Para futuras charlas me compré Aprender a hablar en público, un manual del doctor Vallejo-Nágera que no sólo no me ayudó en nada sino que, para colmo, potenció mi angustia y pánico escénico. En Milán, una famosa escritora española me sugirió que tomara con ella un ansiolítico muy estimado por los conferenciantes de todo el mundo. A la hora del coloquio, ella y yo estábamos totalmente bajo los efectos del calmante, y algo se debía notar porque un señor del público nos dijo: "A ustedes, escritores españoles, se les nota mucho más tranquilos desde la muerte de Franco".

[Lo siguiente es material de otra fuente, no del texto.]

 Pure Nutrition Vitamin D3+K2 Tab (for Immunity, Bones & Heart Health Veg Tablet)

Fui adquiriendo experiencia de hablar en público gracias a la ayuda inestimable del calmante que, charla tras charla, fue dándome una gran seguridad en mí mismo hasta el punto de que en Múnich, ante un público que normalmente me habría tumbado de miedo, me atreví a empezar mi conferencia con una nota de humo latino; la empecé tal como años atrás había comenzado Miguel Mihura una charla en el Colegio Mayor Cisneros de Madrid: "Señoras y señores, y para terminar diré... Es que pienso hablar veinte minutos, y he notado que ése es el tiempo que todavía tardan los oradores cuando dicen que van a terminar".

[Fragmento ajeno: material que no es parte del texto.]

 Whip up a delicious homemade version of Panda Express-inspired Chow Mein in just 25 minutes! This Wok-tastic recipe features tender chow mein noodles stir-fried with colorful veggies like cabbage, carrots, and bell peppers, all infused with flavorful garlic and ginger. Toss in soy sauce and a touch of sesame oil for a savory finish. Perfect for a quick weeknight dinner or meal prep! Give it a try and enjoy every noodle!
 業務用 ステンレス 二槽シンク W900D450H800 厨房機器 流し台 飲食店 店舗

Ese día en Múnich descubrí que el humor podía ser una ayuda aún más valiosa que el ansiolítico, y desde entonces, siempre que voy a hablar en público, como un torero que reza antes de salir a la plaza, repaso, momentos antes de enfrentarme a la temida audiencia, anécdotas humorísticas, situaciones que han hecho reír de pura angustia a otros colegas. El caso de Ignacio Martínez de Pisón, por ejemplo, que en Campo de Criptana observó con estupor que sólo tenía dos personas de público: dos gemelas. O el caso que me contó mi profesor de literatura en el colegio. Este buen hombre dio una conferencia en Granollers a la que asistieron sólo tres personas: el organizador (que se fue a los cinco minutos), un señor (que se durmió en cuanto él empezó a hablar) y una señora que, al concluir la charla, se le acercó para pedirle que le resumiera al oído la conferencia, ya que no se había enterado de nada pues estaba completamente sorda.
Junto al calmante y el humor, pensar que no hay público es la tercera solución para evitar, a trancas y barrancas, el pánico escénico. Pero en el fondo esta tercera solución es un arma de doble filo que esconde una terrorífica y muy posible verdad: la de que en realidad nadie está para escucharnos.